To anyone who manages to get through the week without Heat magazine's merry-go-round of gossip and celebrity, Lucie Cave's description of Heat Radio, which opens for business tomorrow, might sound slightly unsettling. "It's Heat in surround sound!" beams the diminutive features editor, as she tackles a shopper outside Topshop on London's Oxford Street to interview her for "The Good, The Bad and The Ugly", a style segment that Cave is recording with Heat stylist Bronagh Meere for the magazine's new digital radio station.
Both women are confident that the visual allure of Heat – last week's features included a look inside Britney's glam new home and photographic "proof" that Posh is losing her looks – will translate to radio without a hiccup. The magazine ventured online earlier this year, with Heatworld.com, where avid Heat fans can get up-to-the-minute celebrity and fashion gossip and watch interviews and clips, such as Kelly Osbourne interviewing her friend Amy Winehouse and a scene from the new Take That musical. How will Heat fare on its excursion into the brave new-ish world of digital radio fare when stripped of its crucial visuals?
Cave and Meere prove that they have the gift of the gab when they ad-lib a phone in, bantering about Sarah Harding from Girls Aloud's new short hair and the dos and don'ts of fake tanning. One senses that these women know about such things – they both have serious tans – but they also have the sense of humour that has made Heat magazine such a success. Cave ribs Meere for her streaky tan and they admit, as we scan the high street in search of serious fashion faux pas, that, just like the C- and D- list celebrities who provide much of the magazine's fodder, they're not style icons.
"We're not pretending we get it right," says Cave. "Far from it. It's just about meeting real people and finding out where they get their clothes from. It's not about people who are necessarily part of the celebrity or media world who are surrounded by clothes and fashion, but people who look to these worlds. Mark Frith (the editor of Heat ) always says, 'What would 25-year-old-Julie from Norwich think of this?'"
As far as Andria Vidler, the managing director of Magic 105.4 FM who is leading the Heat Radio launch at Emap, is concerned, 25-year-old Julie from Norwich thinks that there is a gap in the market for a radio station that reflects her love of Heat. "If you look at the TV world, there's a lot of interest in celebrity gossip and news for a particular target audience who love the ongoing soap story of 100 to 150 celebs who are in the public eye, and no radio station does it. Heat is the strongest brand that people who love that type of news will follow."
The gap has not arisen solely from a thirst among young women for rolling celebrity news, but because workers are increasingly listening to their favourite radio stations online at work, instead of settling for whatever the rest of the office wants to tune in to. Peak digital listening time is in the afternoon and early evening when people are still at work, rather than in the mornings as they have breakfast and commute.
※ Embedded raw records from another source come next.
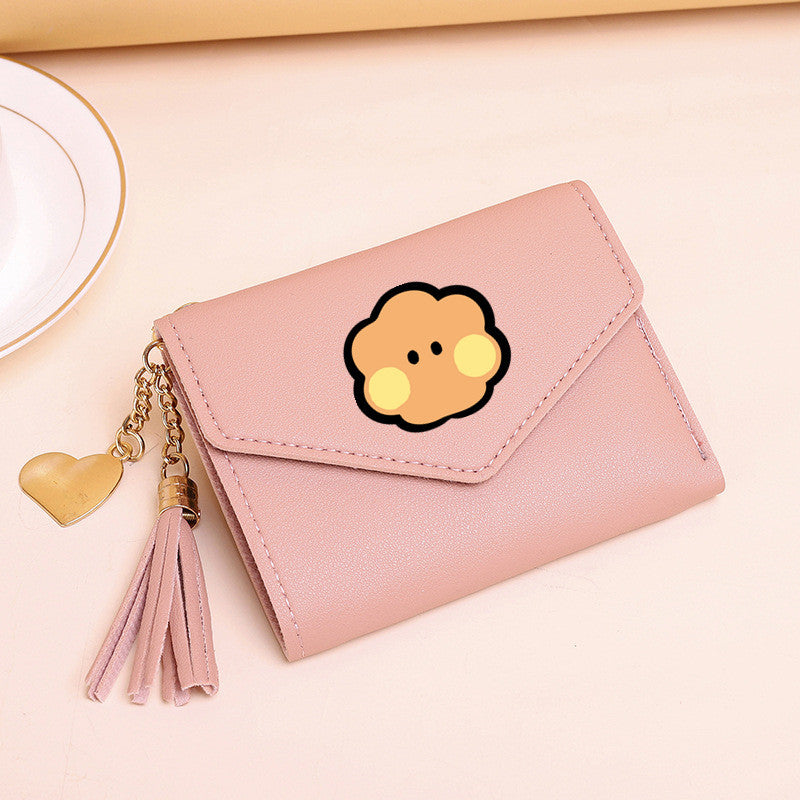 PU card bag tassel short wallet MIC-XingY016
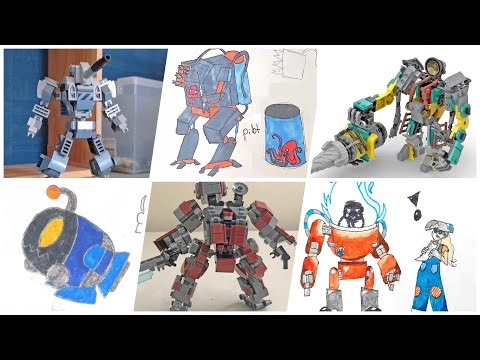 Over 100 Viewer-Created LEGO Robots and Robot Sketches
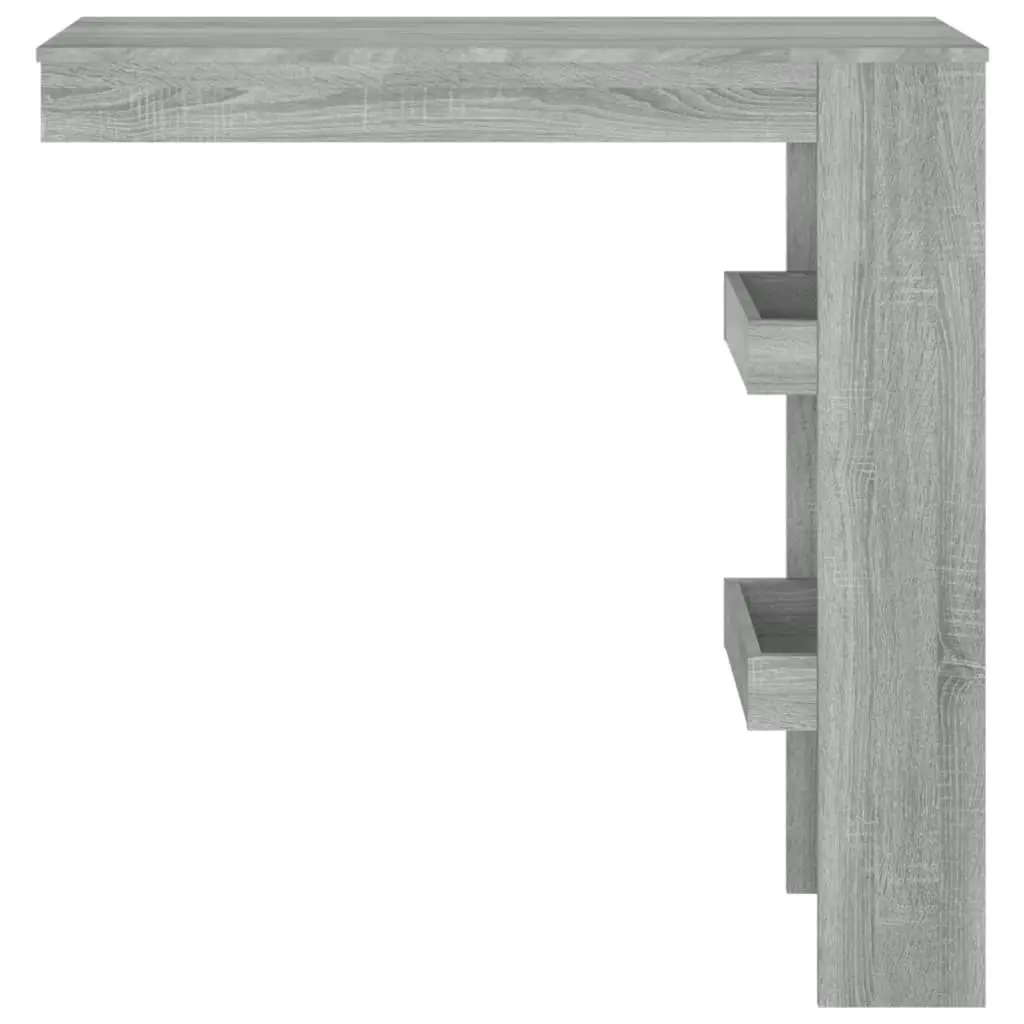 Wall Bar Table Grey Sonoma 102x45x103.5 cm Engineered Wood 817223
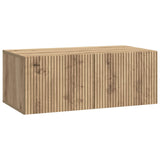 vidaXL Wandmontage TV-kast Zwart 59,5 x 41 x 30 cm Bewerkt hout
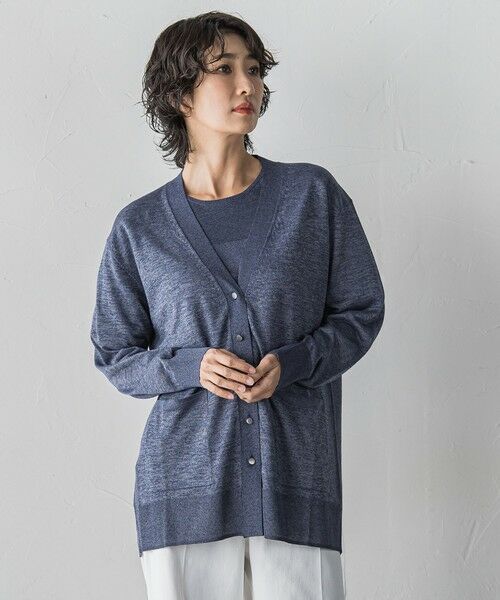 la.f... / ラ・エフ ニット・セーター | ギャラクシーニットカーディガン | 詳細1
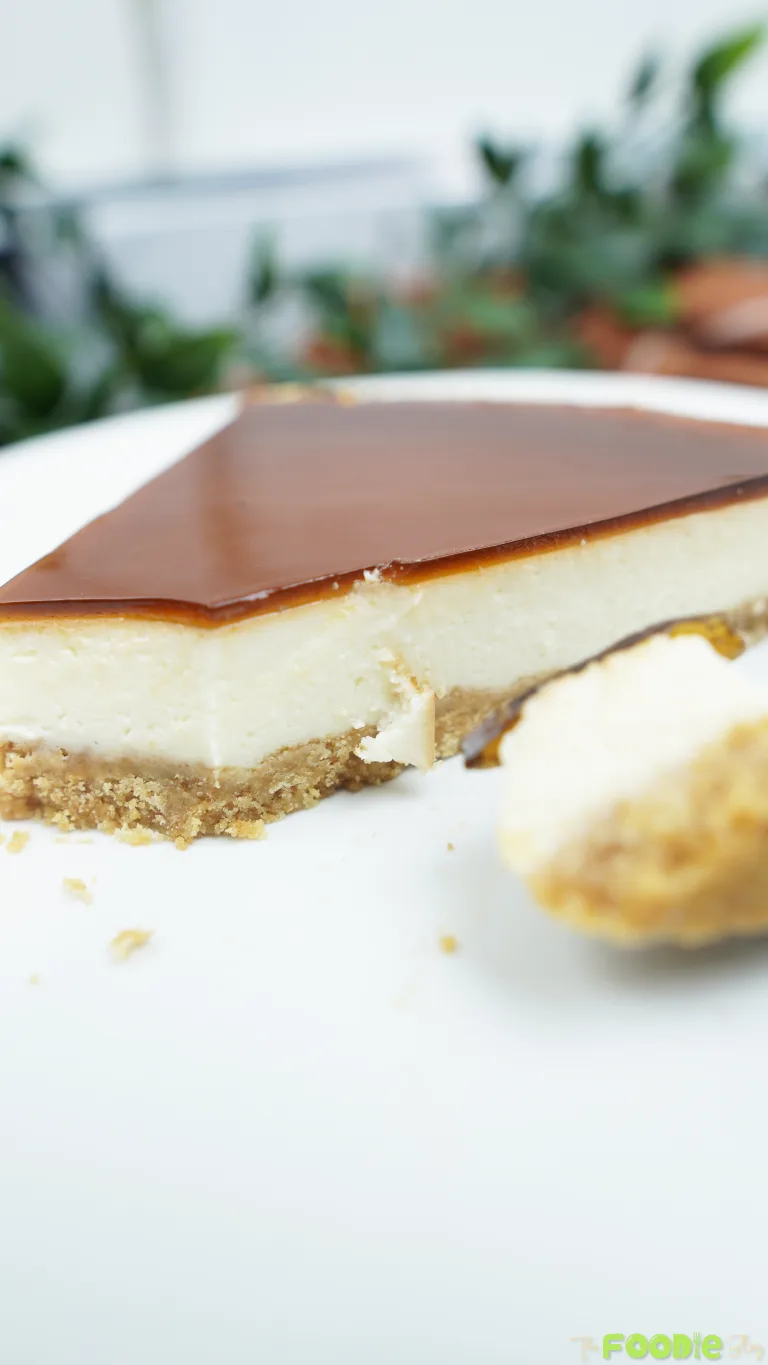 Yogurt Cheesecake Recipe with Coffee-Caramel Topping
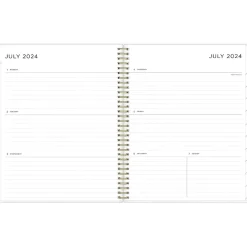 Blue Sky 2024-2025 Ashley G Multicolor Smoke 8.5" x 11" Academic Weekly & Monthly Planner, Plastic Cover (133681-A25) Best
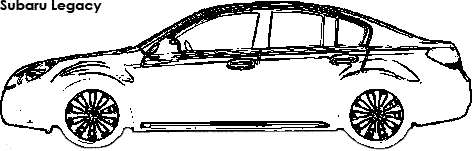 Subaru Legacy coloring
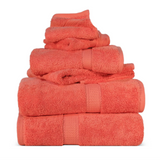 Madison Egyptian Cotton Plush Heavyweight 6 Piece Towel Set - Egyptian Cotton Towel Set by Superior Brand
So Heat Radio is turning standard programming on its head and broadcasting its flagship show in the afternoons. "There is an audience who listen online at work," says Vidler, "but you have to bear in mind it is a different environment. With Radio 4 and Radio 2, you might be able to sit down for a cup of tea and just listen to the radio, which is entertaining and all-absorbing. We need to create a radio station where a woman can do things as well as listen."
Heat Radio's two-and-a-half hour afternoon slot kicks off tomorrow at 2pm and is presented by Rachel Hopper, who is joining from Heart 106.2 and is a regular on GMTV's showbiz sofa. Each show will have a theme that will work around celebrity news, gossip, guests, competitions and music. Ben Shephard is crossing over from Magic to host Hot or Not, a weekly review of film, DVD and book releases with celebrity guests. This week, the Big Brother twins Samantha and Amanda will be Heat Radio's reporters on the street, with challenges to complete each day; there is a competition to win a walk-on part in Prison Break. French and Saunders and Tara Palmer-Tomkinson are also booked in for the first week, and Paul Coyte, the morning presenter, is hoping to bag an interview with Trinny and Susannah.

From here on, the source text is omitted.